5

I'm trying to read from pub/sub with the following code

Read<String> pubsub = PubsubIO.<String>read().topic("projects/<projectId>/topics/<topic>").subscription("projects/<projectId>/subscriptions/<subscription>").withCoder(StringUtf8Coder.of()).withAttributes(new SimpleFunction<PubsubMessage,String>() {
    @Override
    public String apply(PubsubMessage input) {
        LOG.info("hola " + input.getAttributeMap());
        return new String(input.getMessage());
    }
});
PCollection<String> pps = p.apply(pubsub)
        .apply(
                Window.<String>into(
                    FixedWindows.of(Duration.standardSeconds(15))));
pps.apply("printdata",ParDo.of(new DoFn<String, String>() {
    @ProcessElement
    public void processElement(ProcessContext c) {
        LOG.info("hola amigo "+c.element());
        c.output(c.element());
    }
  }));

Compared to what I receive on NodeJS, I get the message that would be contained in the data field. How can I get the ackId field (which I can later use to acknowledge the message)? The attribute map that I'm printing is null. Is there some other way to acknowledge all messages without having to figure out the ackId?

Sam McVeety
  • 3,194
  • 1
  • 15
  • 38
njLT
  • 464
  • 6
  • 21
  • I'm using v0.6.0 – njLT May 16 '17 at 14:01
  • 1
    Which runner are you using? I believe that the `PubsubIO.read()` should be acknowledging messages for you after they are successfully processed -- are you sure it is necessary for you to acknowledge them yourself? – Ben Chambers May 16 '17 at 17:38
  • I'm using flink-runner. It didn't seem like the messages were getting acknowledged, but I'll check again. – njLT May 17 '17 at 05:49
  • I checked again, the messages are definitely not getting acked. But I was wrong to assume that the ackId would be in the attributes - the attribute map value is correct. So I just need to know how to get my messaged acknowledged. – njLT May 17 '17 at 06:17
  • The `PubsubIO` reader is responsible for acknowledging messages. I believe it is tied to the checkpointing behavior of the runner. Specifically, the source will only acknowledge when the elements read out have been checkpointed. How have you configured the checkpointing behavior of the flink-runner? – Ben Chambers May 17 '17 at 16:21
  • Thanks, I didn't know that I would have to specify a checkpoint interval. My args now look like `--runner=FlinkRunner --checkpointingInterval=15000 --streaming=true`, but I'm getting `Checkpoint triggering task Source: ... is not being executed at the moment. Aborting checkpoint.`. Is it related to https://issues.apache.org/jira/browse/FLINK-2491 or am I still missing something?
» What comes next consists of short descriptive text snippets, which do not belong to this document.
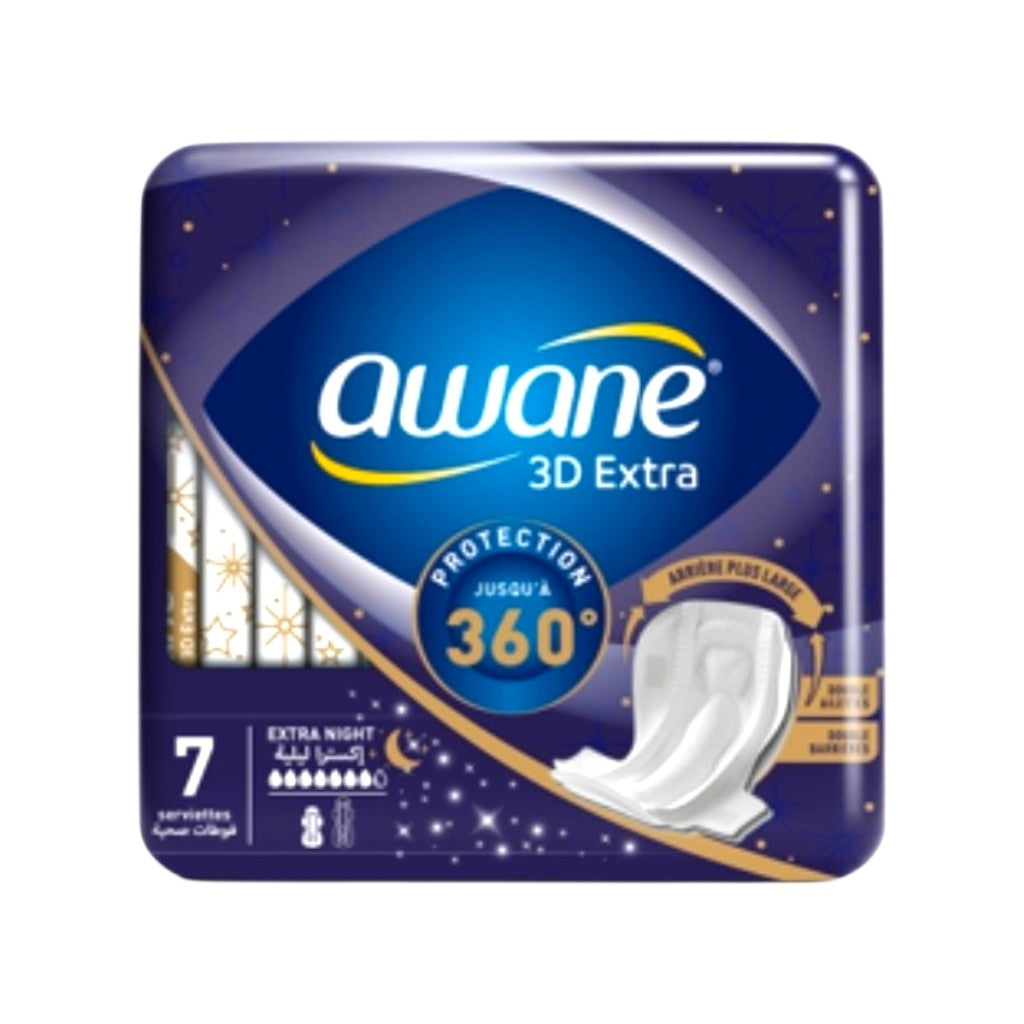 Awane Serviette Hygiénique 3d Extra Night Pack X7 Pcs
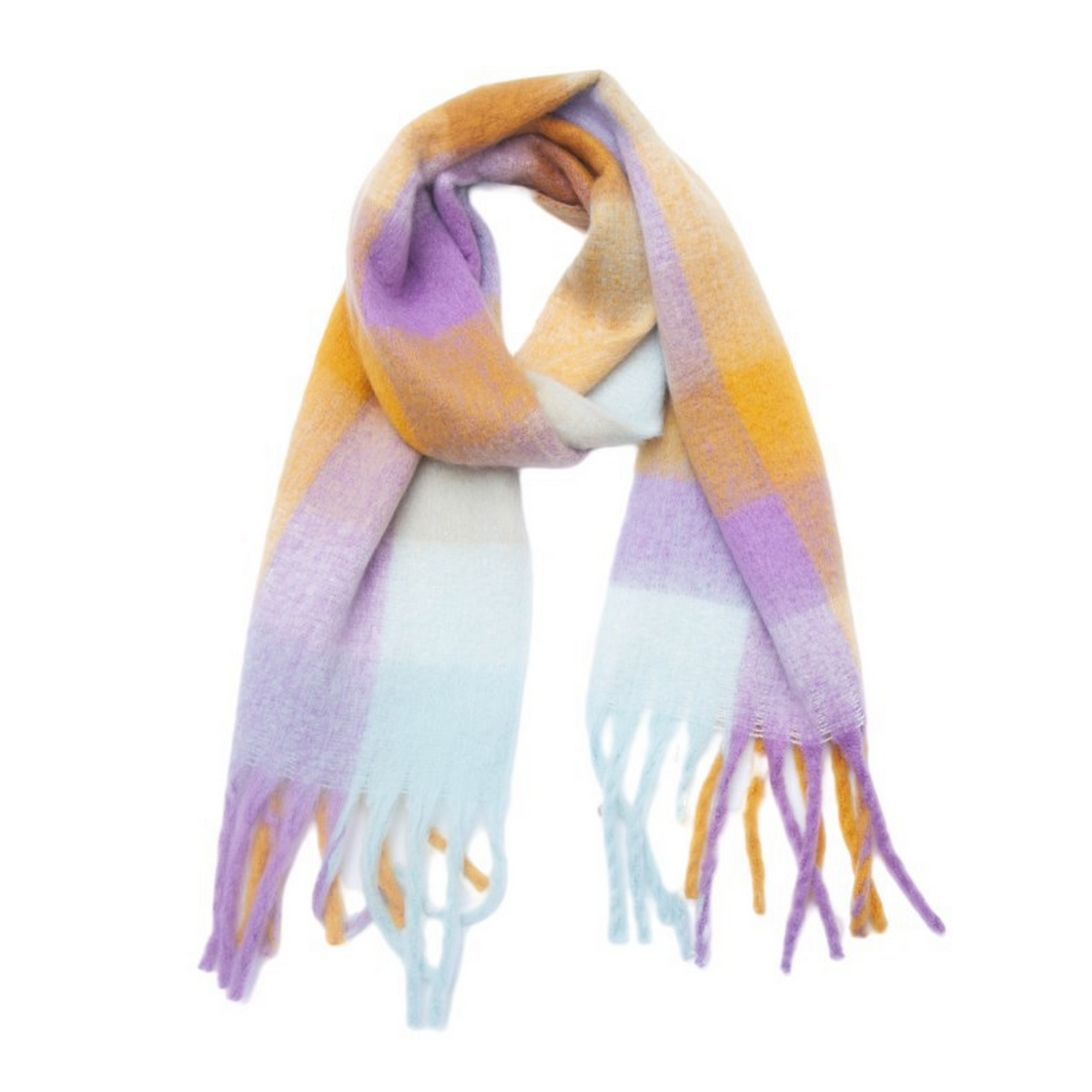 PLAID PATTERN FRINGE TRIM WINTER SCARF_CWASC2691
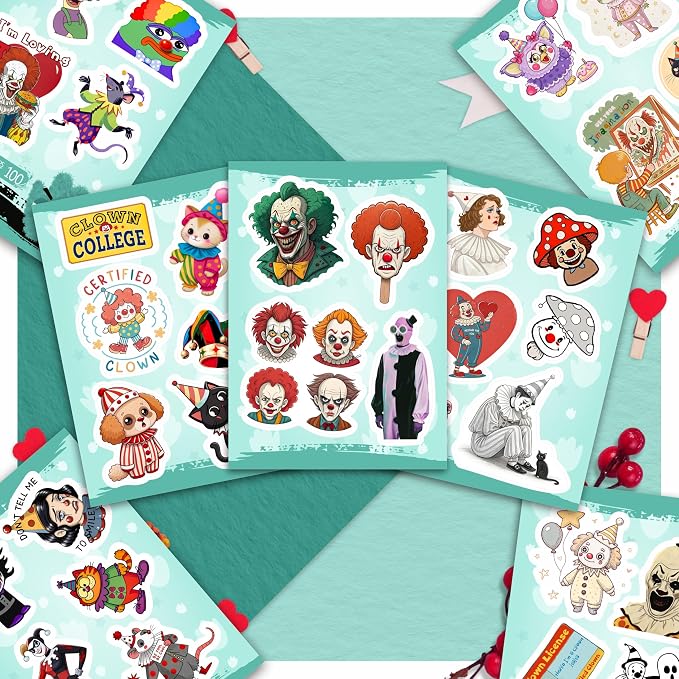 BulbaCraft 100Pcs Clown Stickers - Image 5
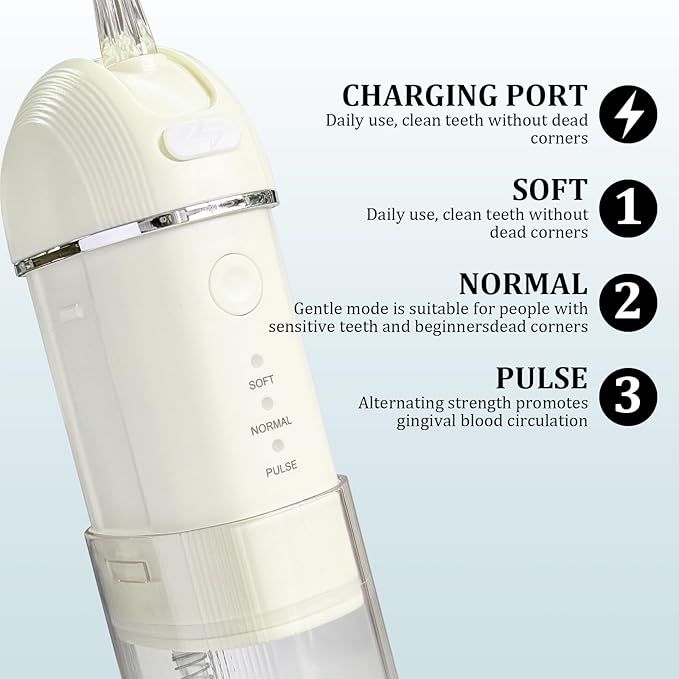 Mini Water Dental Flosser Pick for Travel, Rechargeable Oral Irrigator, Portable Collapsible Water Teeth Cleaner for Braces and Dental Care Sensitive Teeth On-The-Go Use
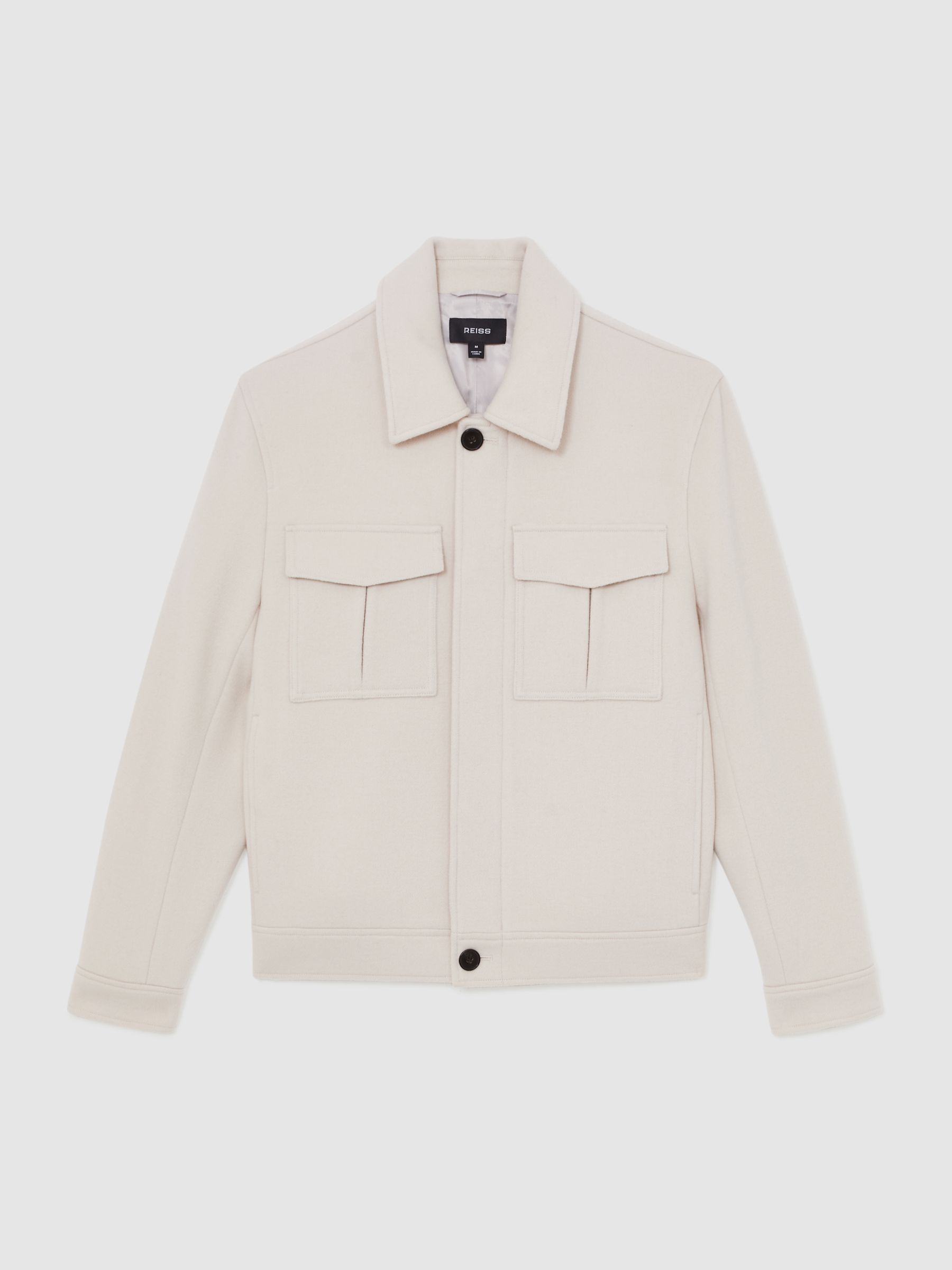 Wool Blend Twin Pocket Zipped Jacket in Ivory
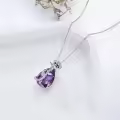 TOUPOP Sterling Silver Rose Crystal Birthstone Necklace, 18+2 Inch-0-5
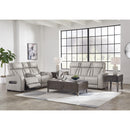  Manufacturer Color_Grey  -- Boyington Power Reclining Leather Match Loveseat with Console IMAGE 14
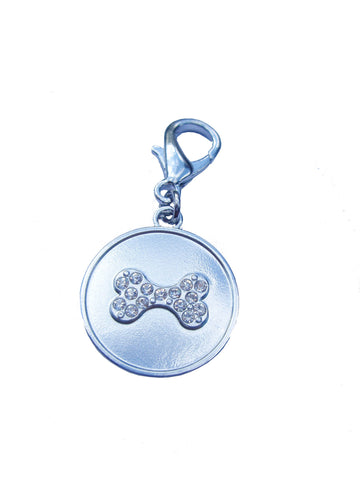 Swarkovski Bone Tag in Silver for cat or dog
I did try different checkpointing intervals. – njLT May 18 '17 at 07:58
  • @BenChambers Thanks. The checkpointing option worked for me, in a similar issue. The messages start getting ack'ed after I set it. I had logged an issue in Beam's JIRA, will update that with this info so that the relevant Beam docs can be updated. – talonx Jun 08 '18 at 09:20

1 Answers1

7

The PubsubIO reader is responsible for acknowledging messages. It is tied to the checkpointing behavior of the runner. Specifically, the source will only acknowledge messages when the resulting elements have been checkpointed.

In this case you should look at when the Flink runner checkpoints information the state of that source. I believe this is related to the Flink configuration for checkpoint frequency.

Ben Chambers
  • 6,070
  • 11
  • 16